MATERIALS PROVIDED: Begin

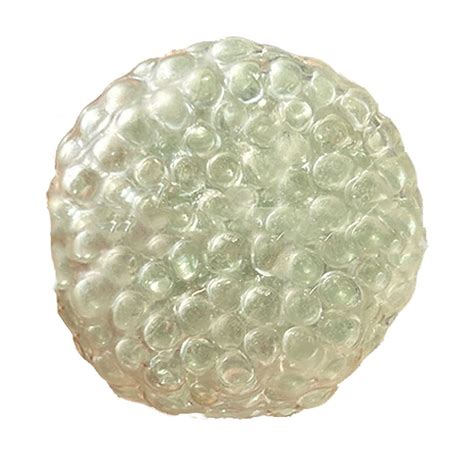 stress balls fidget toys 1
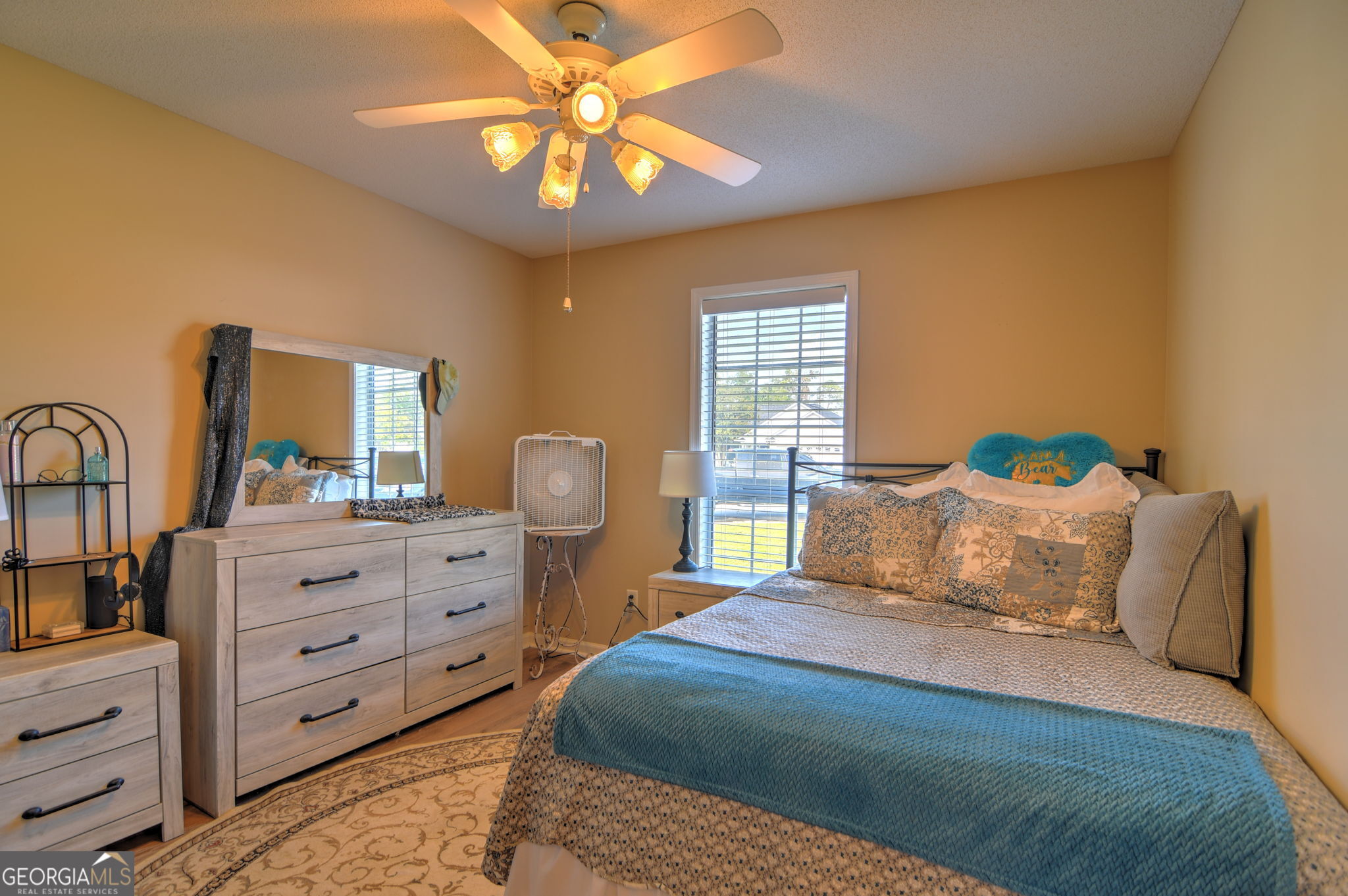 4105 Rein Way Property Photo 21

MATERIALS PROVIDED: End
MATERIALS PROVIDED: Begin

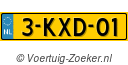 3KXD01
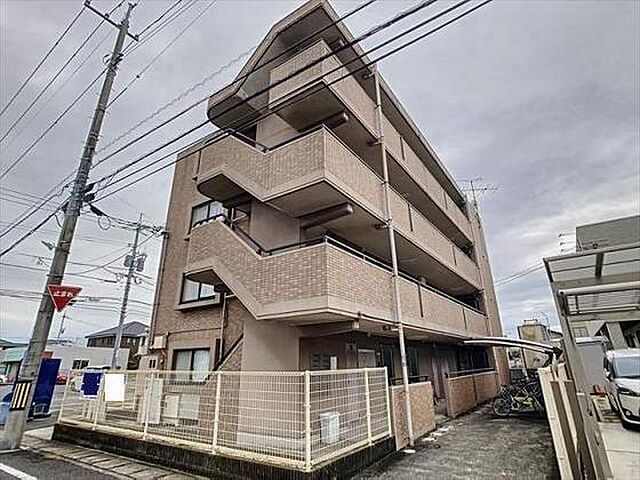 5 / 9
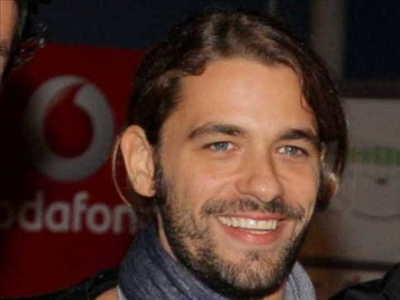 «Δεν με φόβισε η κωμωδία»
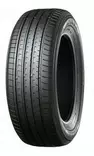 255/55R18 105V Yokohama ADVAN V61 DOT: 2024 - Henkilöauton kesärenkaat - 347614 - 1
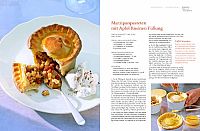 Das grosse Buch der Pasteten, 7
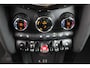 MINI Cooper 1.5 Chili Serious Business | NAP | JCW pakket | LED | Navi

MATERIALS PROVIDED: End

_EXERCISE:_ Every line above in the stretch from the one with "με φόβισε η" through the one with "MINI Cooper 1.5" is to be transcribed exactly, ends included. No picture is copied.

_OUTPUT OF THE EXERCISE:_
 «Δεν με φόβισε η κωμωδία»
 255/55R18 105V Yokohama ADVAN V61 DOT: 2024 - Henkilöauton kesärenkaat - 347614 - 1
 Das grosse Buch der Pasteten, 7
 MINI Cooper 1.5 Chili Serious Business | NAP | JCW pakket | LED | Navi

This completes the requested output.